The Poetry of Daniel Thomas Moran

Assorted reflections: A poet makes the common uncommon

Poetry can be intimidating, and, sure enough, by the time I got through the first sentence of the foreword of "A Shed for Wood," I was intimidated. Already there was a word — empyrean — that I had to look up. I prepared myself for another inaccessible (to me) poetry collection.

What I found was just the opposite. Daniel Thomas Moran's poetry is about the stuff of daily life — thermometers, olive pits, flea markets, fireflies and walking sticks to name just some — and so, entirely relatable.   

But the everydayness is only the starting point, an entryway into a world that it takes a poet to see.
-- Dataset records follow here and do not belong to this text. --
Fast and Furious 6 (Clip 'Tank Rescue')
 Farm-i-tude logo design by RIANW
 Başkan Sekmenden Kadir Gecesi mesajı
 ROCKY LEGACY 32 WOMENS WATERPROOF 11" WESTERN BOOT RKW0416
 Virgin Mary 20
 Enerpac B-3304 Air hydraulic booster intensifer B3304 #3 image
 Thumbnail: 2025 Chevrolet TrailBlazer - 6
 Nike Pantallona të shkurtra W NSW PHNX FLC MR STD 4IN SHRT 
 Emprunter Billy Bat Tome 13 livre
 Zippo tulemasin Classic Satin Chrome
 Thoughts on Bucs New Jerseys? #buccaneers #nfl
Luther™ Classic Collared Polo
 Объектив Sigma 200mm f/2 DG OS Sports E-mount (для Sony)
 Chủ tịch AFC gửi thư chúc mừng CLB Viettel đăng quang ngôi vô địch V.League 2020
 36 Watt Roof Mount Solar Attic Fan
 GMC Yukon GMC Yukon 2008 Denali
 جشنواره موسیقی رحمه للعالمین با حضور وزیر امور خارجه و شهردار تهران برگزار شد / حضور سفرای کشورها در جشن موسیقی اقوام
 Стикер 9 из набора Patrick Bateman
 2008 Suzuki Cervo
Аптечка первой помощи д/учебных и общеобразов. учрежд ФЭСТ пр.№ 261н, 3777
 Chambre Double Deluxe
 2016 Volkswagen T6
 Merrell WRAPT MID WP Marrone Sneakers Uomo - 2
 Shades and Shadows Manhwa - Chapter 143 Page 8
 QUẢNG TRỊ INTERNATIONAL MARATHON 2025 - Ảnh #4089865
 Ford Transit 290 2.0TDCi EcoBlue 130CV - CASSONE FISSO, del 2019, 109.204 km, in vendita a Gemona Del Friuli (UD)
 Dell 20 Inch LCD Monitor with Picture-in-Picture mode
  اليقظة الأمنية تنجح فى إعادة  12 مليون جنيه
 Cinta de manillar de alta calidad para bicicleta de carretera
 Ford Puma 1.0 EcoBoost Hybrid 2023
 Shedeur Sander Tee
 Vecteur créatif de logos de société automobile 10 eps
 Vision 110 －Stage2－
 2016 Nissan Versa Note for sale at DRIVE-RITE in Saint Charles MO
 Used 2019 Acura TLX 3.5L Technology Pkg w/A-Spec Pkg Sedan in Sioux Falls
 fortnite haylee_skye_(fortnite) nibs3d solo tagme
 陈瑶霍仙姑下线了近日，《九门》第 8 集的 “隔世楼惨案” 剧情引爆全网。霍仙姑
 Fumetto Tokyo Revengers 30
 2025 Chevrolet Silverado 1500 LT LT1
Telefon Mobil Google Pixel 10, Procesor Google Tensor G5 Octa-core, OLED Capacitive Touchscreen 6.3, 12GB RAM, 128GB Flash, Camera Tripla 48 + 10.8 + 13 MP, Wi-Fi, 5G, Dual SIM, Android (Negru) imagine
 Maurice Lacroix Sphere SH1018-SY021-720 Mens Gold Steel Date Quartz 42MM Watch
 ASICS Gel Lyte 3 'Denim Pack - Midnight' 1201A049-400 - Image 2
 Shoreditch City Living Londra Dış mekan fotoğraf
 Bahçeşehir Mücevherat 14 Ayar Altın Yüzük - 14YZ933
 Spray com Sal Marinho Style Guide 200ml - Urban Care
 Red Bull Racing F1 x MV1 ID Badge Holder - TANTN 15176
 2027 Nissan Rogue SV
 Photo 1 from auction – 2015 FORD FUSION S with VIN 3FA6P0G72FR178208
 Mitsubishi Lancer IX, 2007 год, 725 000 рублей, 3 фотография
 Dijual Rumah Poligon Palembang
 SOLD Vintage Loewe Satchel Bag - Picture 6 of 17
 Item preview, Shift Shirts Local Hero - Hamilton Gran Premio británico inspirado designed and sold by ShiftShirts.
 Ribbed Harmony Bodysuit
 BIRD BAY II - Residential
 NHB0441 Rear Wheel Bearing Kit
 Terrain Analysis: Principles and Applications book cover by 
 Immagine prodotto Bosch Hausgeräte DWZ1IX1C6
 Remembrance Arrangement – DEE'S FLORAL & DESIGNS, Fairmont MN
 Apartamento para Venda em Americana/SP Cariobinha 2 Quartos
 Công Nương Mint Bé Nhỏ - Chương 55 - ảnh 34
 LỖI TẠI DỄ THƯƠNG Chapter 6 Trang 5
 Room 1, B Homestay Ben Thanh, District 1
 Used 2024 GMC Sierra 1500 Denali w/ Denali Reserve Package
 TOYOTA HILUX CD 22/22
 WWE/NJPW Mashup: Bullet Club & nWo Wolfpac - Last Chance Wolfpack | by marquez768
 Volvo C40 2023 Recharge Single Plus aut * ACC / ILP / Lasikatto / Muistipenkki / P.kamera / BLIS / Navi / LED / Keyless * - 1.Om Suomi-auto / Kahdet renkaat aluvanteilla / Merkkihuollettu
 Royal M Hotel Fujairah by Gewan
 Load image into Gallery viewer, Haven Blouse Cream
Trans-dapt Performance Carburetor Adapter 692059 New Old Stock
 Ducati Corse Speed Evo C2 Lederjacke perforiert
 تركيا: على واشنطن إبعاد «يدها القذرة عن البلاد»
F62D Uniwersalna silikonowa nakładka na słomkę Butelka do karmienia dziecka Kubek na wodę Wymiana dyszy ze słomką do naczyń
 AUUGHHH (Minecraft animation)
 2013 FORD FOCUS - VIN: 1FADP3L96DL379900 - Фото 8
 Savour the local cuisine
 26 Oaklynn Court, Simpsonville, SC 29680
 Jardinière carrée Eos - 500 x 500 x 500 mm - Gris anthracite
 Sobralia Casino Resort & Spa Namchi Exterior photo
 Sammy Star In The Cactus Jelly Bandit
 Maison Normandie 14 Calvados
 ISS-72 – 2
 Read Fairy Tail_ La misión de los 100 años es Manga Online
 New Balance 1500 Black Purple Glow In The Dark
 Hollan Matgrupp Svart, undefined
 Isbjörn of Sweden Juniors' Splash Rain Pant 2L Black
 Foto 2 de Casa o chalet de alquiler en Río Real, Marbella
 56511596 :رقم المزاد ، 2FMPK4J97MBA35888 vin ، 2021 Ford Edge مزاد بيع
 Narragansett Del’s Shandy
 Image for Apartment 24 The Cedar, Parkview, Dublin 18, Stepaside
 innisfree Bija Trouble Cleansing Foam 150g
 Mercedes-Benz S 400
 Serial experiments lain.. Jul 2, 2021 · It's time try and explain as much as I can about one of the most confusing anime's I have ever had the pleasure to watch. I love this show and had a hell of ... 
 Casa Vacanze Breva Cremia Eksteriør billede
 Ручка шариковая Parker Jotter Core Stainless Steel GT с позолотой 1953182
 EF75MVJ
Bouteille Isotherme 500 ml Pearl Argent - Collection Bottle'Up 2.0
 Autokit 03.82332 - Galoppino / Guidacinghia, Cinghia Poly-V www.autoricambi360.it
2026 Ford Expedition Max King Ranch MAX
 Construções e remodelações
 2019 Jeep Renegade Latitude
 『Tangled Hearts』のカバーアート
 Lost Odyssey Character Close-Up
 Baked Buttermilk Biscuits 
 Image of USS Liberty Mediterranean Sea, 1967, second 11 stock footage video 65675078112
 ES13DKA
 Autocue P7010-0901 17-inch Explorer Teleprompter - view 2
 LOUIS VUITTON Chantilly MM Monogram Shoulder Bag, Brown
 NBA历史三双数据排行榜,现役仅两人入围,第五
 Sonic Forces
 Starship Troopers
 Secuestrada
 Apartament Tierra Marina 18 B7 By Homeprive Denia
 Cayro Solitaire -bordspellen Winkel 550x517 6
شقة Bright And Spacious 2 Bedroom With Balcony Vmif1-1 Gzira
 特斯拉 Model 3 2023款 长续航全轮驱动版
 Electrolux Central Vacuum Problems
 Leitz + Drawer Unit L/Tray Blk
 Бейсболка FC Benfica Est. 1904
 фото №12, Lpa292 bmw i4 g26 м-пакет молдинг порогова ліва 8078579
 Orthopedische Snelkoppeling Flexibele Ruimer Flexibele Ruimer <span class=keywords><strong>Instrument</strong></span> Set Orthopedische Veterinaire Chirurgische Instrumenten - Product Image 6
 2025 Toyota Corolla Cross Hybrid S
Evidence the spare and lovely verse in "The Book of Prophecy," a poem about datebooks (yes, those things we organize our lives with): "There is a blue ribbon/I could use to separate/the what has been, from/the what's yet to be."

But, as the foreword writer said, Moran's "poetic arms reach effortlessly from the quotidian to the empyrean" (meaning, I found, the highest reaches of heaven), and so they do. He elegantly (and somehow reassuringly) writes of the deep themes of love, loss, aging, death and belief (or not) in God.

Moran is like a miner who takes a patch of ordinary ground and unearths dozens of diamonds. Read the book, and enjoy the brilliance.